I\'m so sorry for what you\'re going through. The suicide nightmare came to me the night before I was supposed to go to a friend\'s wedding, so I understand how terrible they are. I had to keep reminding myself of the reality that entire next day... that the X\'s behavior is out of my control, no longer my responsibility to deal with. Because only THEY can get the help they need... they choose to buy the alcohol/drugs... they choose to consume it... and by us walking away, THEY have to face that, but it\'s also THEIR choice to decided what to do about it. If it was your choice, you would have already \"fixed\" it, right? I know I would have - I tried to for 30 years. I did go to that wedding, you know, despite my pain - Strange thing was, that I met a LIFE COACH at that wedding who specializes in suicide prevention and she helped me see that.... odd coincidence, right?

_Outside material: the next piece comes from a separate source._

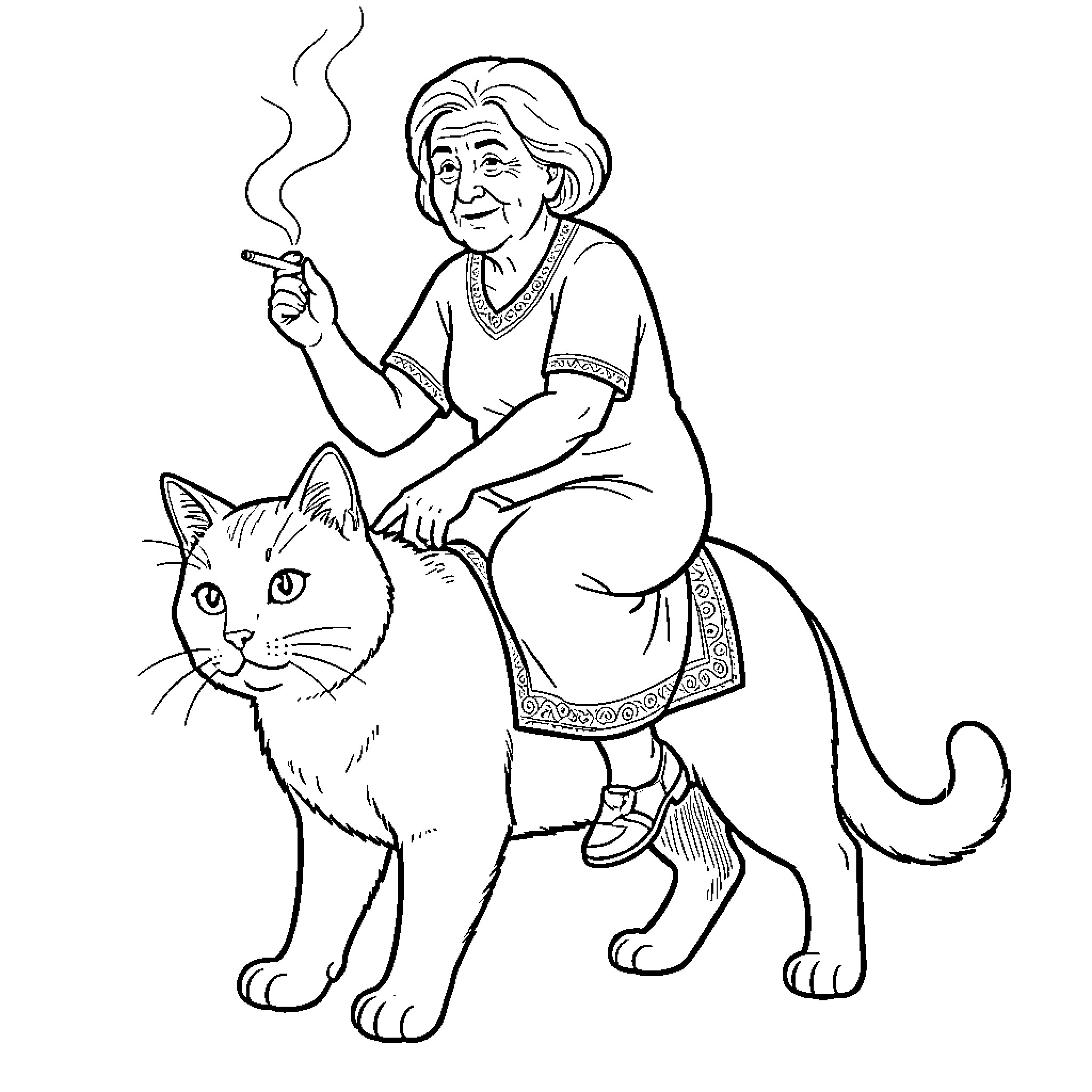 Grandma riding a large cat while smoking a cigarette Coloring Page (free black-and-white line drawing printable PDF for all, from beginners to advanced learners, including children, teens, adults, and seniors)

And as for dealing with the rest, I had to look at this process as the death of a marriage. Because the person you loved is gone.... so by grieving for THAT person, mourning for THAT person, healing begins. Because in actuality with regards to emotions, they are two completely different people - the one that was so special is now gone - as if they HAD died and can\'t ever come back.... and the one that remains... well, whenever I head back to that sadness, I remind myself with questions.... if I met the X for the first time as the X is right now, would I go on a date with him? No way. So by treating the past as if I still love him but he passed away and is never coming back, it allows me to continue to remember the GOOD times (why I\'m able to still keep the photos out) and move forward and become happy again... And the other side is just someone I occasionally meet on the street, and just keep walking by.... and it doesn\'t hurt to see him anymore.